[Collection entries]

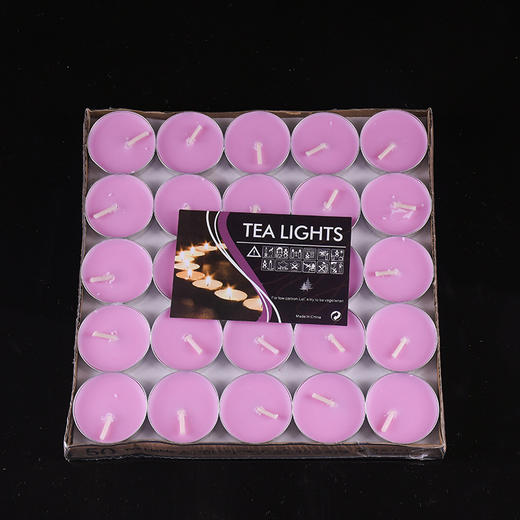 表白仪式蜡烛 商品图2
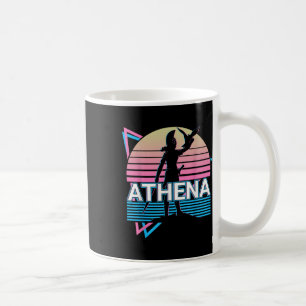 Mug Athéna Déesse Grecque De Sagesse Et De Guerre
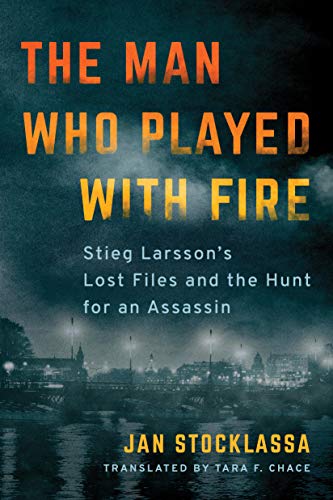 Algopix Similar Product 4 - The Man Who Played with Fire Stieg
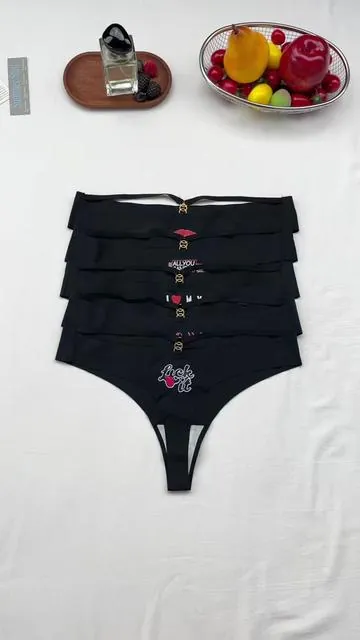 Fun print underwear set,comfy&flattering for daily!🫦🩲🤩#sexy #underwear #panties #spotlightfinds #Summervibes 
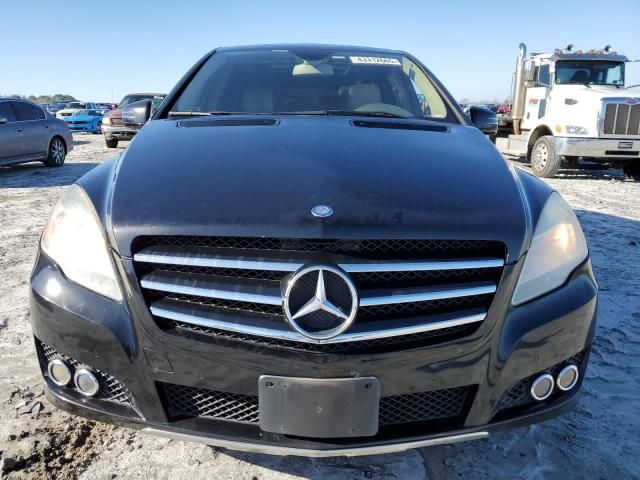 2011 Mercedes-Benz R 350 4matic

Brief
Pictures should be left out when the records above are restated exactly.

Response to the task
 表白仪式蜡烛 商品图2
 Mug Athéna Déesse Grecque De Sagesse Et De Guerre
 Algopix Similar Product 4 - The Man Who Played with Fire Stieg
 Fun print underwear set,comfy&flattering for daily!🫦🩲🤩#sexy #underwear #panties #spotlightfinds #Summervibes 
 2011 Mercedes-Benz R 350 4matic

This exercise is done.